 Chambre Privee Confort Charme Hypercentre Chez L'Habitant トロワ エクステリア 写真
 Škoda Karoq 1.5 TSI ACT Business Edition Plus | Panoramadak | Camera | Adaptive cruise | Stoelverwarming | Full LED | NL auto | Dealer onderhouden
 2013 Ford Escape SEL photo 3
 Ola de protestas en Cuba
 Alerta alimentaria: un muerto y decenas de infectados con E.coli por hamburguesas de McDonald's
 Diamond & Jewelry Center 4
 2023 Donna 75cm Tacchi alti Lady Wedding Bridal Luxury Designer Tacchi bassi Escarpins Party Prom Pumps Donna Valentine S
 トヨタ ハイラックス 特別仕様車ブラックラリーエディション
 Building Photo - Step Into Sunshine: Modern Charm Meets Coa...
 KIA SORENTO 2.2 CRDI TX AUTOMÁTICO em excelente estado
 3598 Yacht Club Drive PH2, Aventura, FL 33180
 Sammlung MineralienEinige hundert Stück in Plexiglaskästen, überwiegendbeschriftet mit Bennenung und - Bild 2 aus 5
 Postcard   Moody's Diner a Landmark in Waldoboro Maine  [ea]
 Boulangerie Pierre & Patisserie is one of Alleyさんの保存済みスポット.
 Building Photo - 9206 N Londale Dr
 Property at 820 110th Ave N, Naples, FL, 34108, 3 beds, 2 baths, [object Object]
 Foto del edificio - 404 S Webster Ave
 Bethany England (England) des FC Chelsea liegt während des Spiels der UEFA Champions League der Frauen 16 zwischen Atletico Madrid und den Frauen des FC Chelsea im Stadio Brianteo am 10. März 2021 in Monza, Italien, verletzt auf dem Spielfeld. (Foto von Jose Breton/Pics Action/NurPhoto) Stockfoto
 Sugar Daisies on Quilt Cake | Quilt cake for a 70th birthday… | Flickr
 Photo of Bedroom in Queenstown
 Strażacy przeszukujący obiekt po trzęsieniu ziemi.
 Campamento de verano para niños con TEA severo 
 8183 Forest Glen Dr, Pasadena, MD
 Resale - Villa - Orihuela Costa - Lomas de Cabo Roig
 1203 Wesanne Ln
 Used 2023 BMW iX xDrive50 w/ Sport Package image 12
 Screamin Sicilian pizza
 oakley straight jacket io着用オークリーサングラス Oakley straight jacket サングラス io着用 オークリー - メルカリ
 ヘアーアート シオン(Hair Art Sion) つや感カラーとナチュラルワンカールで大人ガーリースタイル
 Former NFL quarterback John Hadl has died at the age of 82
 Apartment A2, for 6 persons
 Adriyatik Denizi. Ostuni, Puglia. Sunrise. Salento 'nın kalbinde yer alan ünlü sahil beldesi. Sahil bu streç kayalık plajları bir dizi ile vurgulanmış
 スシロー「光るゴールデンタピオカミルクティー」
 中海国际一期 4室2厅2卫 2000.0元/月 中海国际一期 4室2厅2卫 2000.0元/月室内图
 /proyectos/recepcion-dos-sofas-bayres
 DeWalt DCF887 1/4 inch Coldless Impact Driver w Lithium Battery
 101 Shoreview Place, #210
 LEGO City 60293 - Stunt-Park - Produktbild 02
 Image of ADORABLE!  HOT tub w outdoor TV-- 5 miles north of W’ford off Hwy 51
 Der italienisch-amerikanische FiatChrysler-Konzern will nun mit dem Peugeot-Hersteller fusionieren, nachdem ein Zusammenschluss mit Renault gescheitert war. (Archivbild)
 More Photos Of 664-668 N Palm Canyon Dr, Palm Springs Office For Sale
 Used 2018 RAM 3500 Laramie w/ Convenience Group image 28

*PROBLEM TO SOLVE*. Once a line of the records is found to contain "Building", copy it out.

*WORKED SOLUTION*.
 Building Photo - Step Into Sunshine: Modern Charm Meets Coa...
 Building Photo - 9206 N Londale Dr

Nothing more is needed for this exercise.